The task
From the data below, return only the lines from the one with "OEM Cubierta De" through the one with "Car Tyre Repair", exact and inclusive, with pictures left out.

Source data
____________
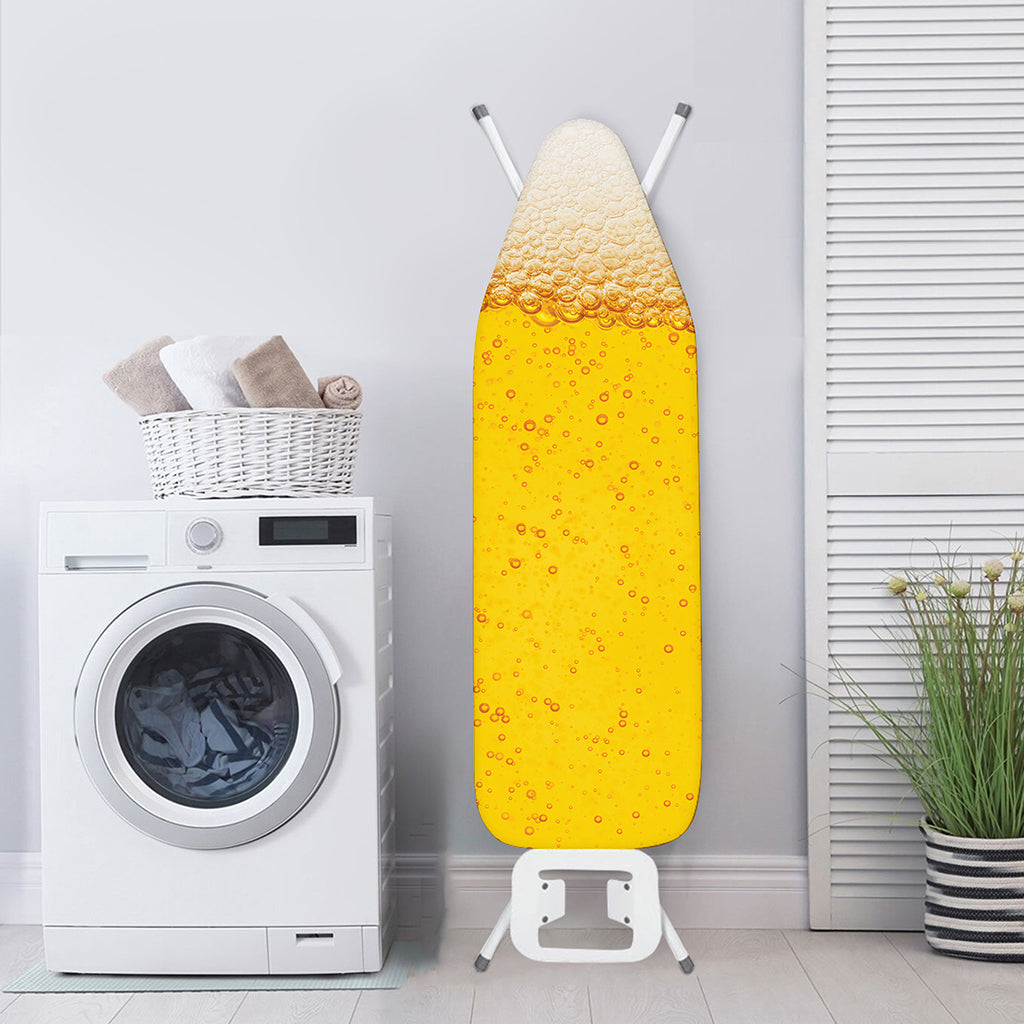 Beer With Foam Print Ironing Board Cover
____________
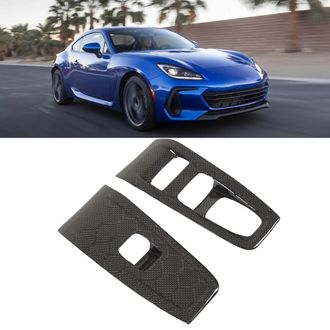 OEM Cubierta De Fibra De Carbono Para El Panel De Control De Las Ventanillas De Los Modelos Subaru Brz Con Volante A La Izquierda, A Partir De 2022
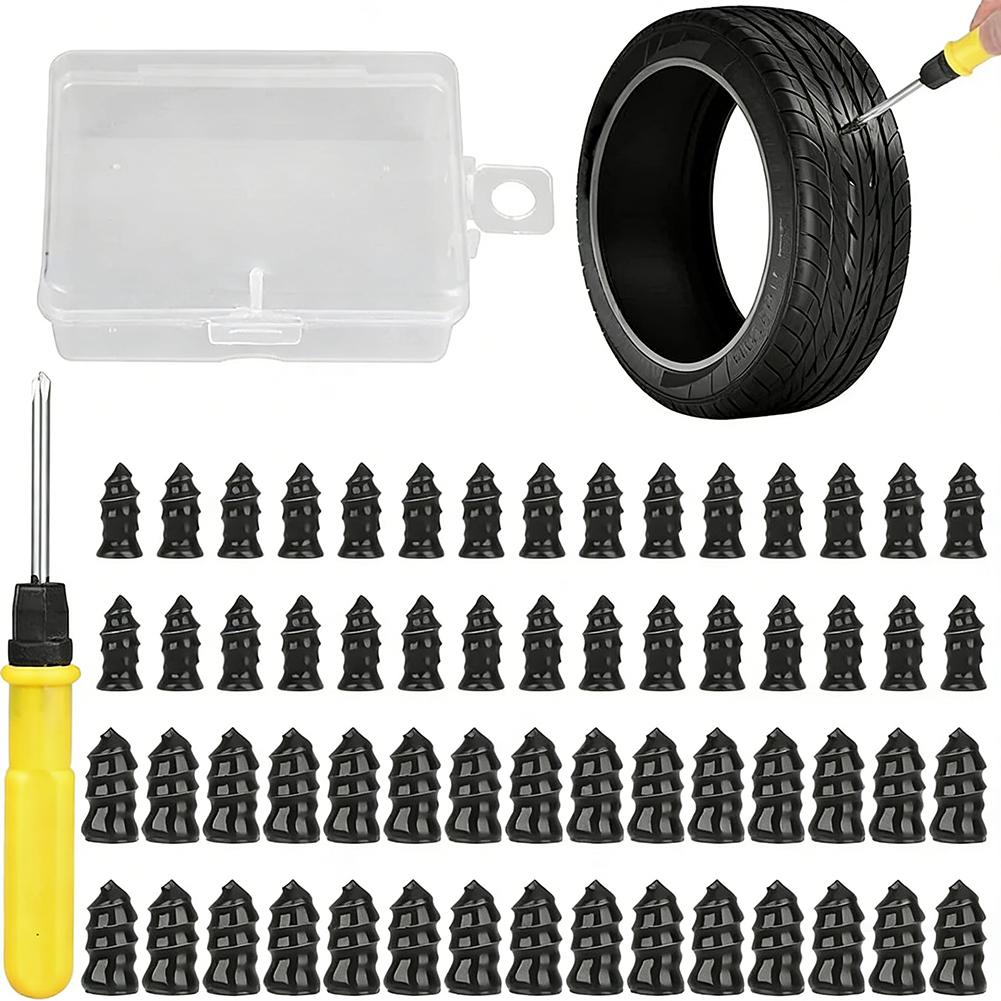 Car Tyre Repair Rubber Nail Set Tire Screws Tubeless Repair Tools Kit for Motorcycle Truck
____________
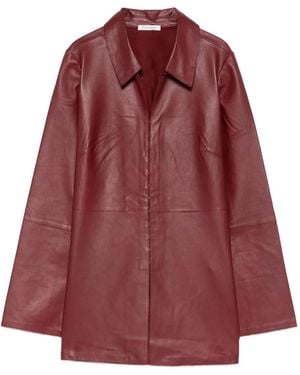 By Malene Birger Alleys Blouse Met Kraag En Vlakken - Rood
____________
Answer to this exercise
 OEM Cubierta De Fibra De Carbono Para El Panel De Control De Las Ventanillas De Los Modelos Subaru Brz Con Volante A La Izquierda, A Partir De 2022
 Car Tyre Repair Rubber Nail Set Tire Screws Tubeless Repair Tools Kit for Motorcycle Truck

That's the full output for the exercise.